However, public programs, or industries closest to regulators, are often funded through taxation and deficit spending, or to put it crudely, the printing of fiat money. That means that resources are taken away from individuals to be allocated towards those public programs. Does this mean that these services are unnecessary or wasteful? Not necessarily. In fact, let’s not get bogged down on this debate just yet. Instead, evaluations should be withheld until we have considered the fact from several angles.

In this case, that which is not seen are the vacations which are never taken, the homes which are never built or renovated with the personal touches of their occupants, the businesses of passion which were never started, or other services which could be rendered to the people, but never came into existence due to the allocation of resources towards public services and away from individuals. Should we then forego hospitals, schools, and roads so that we can accumulate more things for ourselves? Such a proposal doesn’t seem right either.

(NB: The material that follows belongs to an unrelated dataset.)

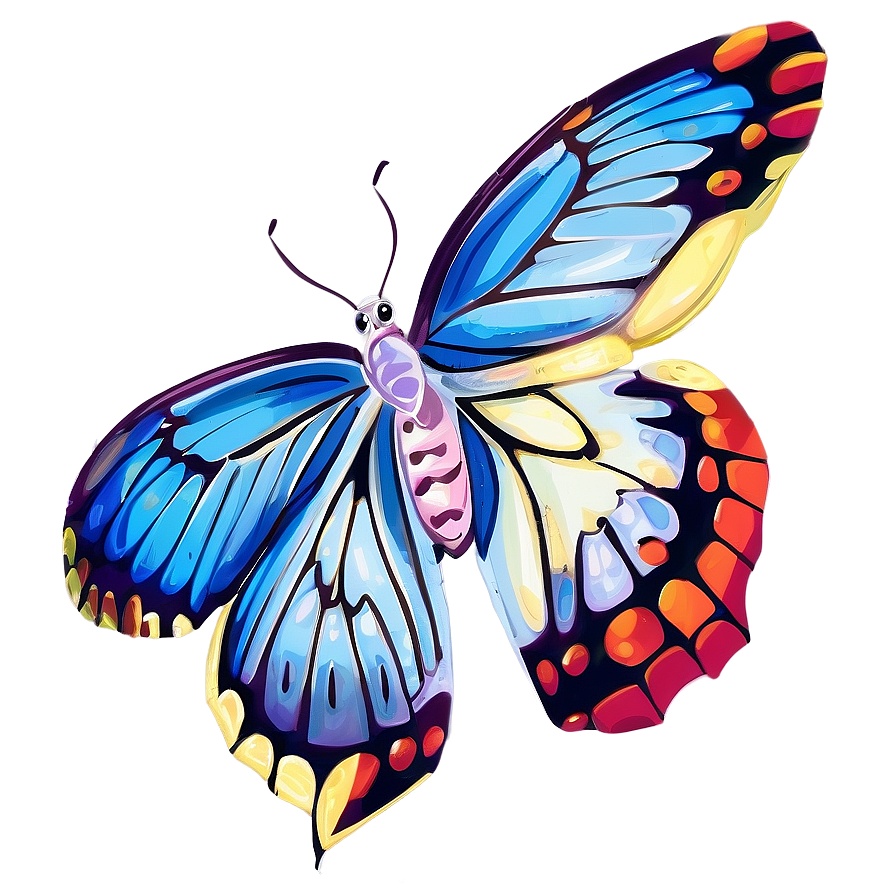 Blue Butterfly Illustration Png 05062024 PNG Image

However, it may be a faulty assumption that these things would not exist were it not for public services or other highly regulated agencies. If there is a demand for goods and services, there will be a provider to step in to accommodate the demand. The main caveat to this point is that there is a minimum stability threshold in a given society so that investors feel comfortable that their efforts will not be wasted. In other words, will there be a worthwhile return for their efforts? Unfortunately, the answer is a resounding “no” when there are too many burdensome requirements implemented by regulators, or if the public sector makes competition in any space untenable.

This effectively halts competition and therefore innovation. It depresses market participation, and harms the noble ambitions of individuals. It is not difficult to imagine that this heavy toll burdens the psychological well-being of an economy’s participants in addition to encumbering their dynamism. In contrast, Web3 participants feel that they have a stake in the success of the sector, and enthusiasm amongst the community as a whole is abundant. People feel optimistic about contributing to its development, and providing value to others. Most do not feel that they are in need of “protection” in the form of heavy regulation.

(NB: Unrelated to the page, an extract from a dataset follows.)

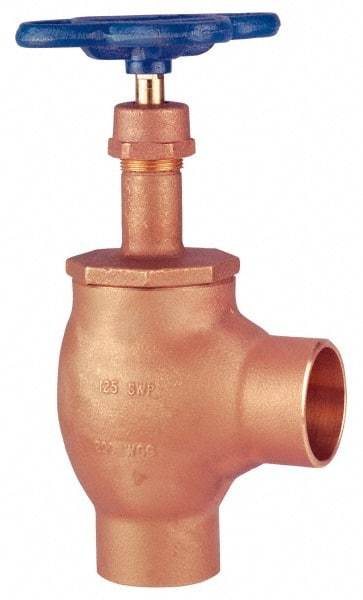 NIBCO - 1" Pipe, Class 125, Soldered Bronze Renewable Angle Gate Valve - 200 WOG, 125 WSP, Screw-In Bonnet - Exact Industrial Supply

Even small amounts of money saved and invested over time add up to massive differences if allowed to compound over longer periods of time.

Unseen Consequences: The Broken Window Fallacy

Bastiat thought of himself as a classical liberal and ardent supporter of free markets. That is, he believed in the ability of people to collectively cater to their own needs organically. In addition to his arguments for competitiveness as a driver of economic dynamism, he also opined on other economic assumptions he felt caused more harm than good. One of his most eloquent points was made  through his famous parable of a shopkeeper who suffered a broken pane of glass. In his parable, he describes that a common reaction for many people to such a situation would be to declare that the broken glass is a net positive for the economy as a whole, despite the misfortune of the shopkeeper and the broken window pane.

That is, Bastiat sensed an underlying assumption within the zeitgeist of economic theory and governance that concluded such destruction actually generated economic activity since the shopkeeper must hire a glazier to replace the glass. After all, if shopkeepers never broke windows, what job would be left for the glazier to do? How would glaziers feed their own families or put roofs over their heads? The velocity of money is thus assumed to be a net positive; nevertheless,  it is misguided thinking according to Bastiat.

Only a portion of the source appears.